(Brief descriptive captions)
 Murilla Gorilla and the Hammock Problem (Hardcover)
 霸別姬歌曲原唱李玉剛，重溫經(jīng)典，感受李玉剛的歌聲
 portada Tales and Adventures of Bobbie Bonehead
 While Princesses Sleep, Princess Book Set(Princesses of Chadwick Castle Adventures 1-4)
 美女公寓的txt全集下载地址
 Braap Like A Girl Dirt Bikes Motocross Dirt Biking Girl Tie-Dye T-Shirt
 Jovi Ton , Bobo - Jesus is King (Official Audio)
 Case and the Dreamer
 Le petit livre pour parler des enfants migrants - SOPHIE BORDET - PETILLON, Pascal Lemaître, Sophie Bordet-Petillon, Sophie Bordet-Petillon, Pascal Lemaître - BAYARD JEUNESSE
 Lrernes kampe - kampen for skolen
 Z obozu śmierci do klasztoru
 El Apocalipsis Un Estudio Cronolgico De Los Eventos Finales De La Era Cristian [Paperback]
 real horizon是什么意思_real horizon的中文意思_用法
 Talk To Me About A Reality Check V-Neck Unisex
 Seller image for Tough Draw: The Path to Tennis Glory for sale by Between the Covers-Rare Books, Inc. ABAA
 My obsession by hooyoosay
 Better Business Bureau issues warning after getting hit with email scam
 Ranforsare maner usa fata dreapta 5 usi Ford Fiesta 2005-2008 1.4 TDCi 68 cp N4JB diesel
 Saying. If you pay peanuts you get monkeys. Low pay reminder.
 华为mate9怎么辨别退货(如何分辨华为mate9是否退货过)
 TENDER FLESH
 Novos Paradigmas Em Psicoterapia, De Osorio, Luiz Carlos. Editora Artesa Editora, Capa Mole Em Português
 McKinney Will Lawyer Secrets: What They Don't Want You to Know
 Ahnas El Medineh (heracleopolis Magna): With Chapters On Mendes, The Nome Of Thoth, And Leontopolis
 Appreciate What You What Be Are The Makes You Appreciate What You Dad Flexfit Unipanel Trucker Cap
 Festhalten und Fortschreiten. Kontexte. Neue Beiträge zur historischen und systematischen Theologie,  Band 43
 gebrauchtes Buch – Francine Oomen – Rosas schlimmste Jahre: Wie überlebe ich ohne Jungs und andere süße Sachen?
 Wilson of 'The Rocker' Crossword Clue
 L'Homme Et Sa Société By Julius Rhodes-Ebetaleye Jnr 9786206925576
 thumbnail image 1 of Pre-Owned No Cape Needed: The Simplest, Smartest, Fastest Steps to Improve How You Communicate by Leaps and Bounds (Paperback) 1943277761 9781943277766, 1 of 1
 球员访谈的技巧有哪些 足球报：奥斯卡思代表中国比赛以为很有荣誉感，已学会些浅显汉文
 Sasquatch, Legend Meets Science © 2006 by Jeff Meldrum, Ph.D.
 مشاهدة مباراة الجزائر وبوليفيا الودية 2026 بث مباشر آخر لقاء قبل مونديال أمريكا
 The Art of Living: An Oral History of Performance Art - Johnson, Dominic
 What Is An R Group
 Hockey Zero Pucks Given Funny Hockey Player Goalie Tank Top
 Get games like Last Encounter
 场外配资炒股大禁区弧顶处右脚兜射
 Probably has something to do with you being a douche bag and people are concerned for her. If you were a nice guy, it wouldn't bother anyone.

Try it: The answer must be an exact copy of the lines from the one containing "The Art of Living: An" through the last line of the records, both included.

Task answer:
 The Art of Living: An Oral History of Performance Art - Johnson, Dominic
 What Is An R Group
 Hockey Zero Pucks Given Funny Hockey Player Goalie Tank Top
 Get games like Last Encounter
 场外配资炒股大禁区弧顶处右脚兜射
 Probably has something to do with you being a douche bag and people are concerned for her. If you were a nice guy, it wouldn't bother anyone.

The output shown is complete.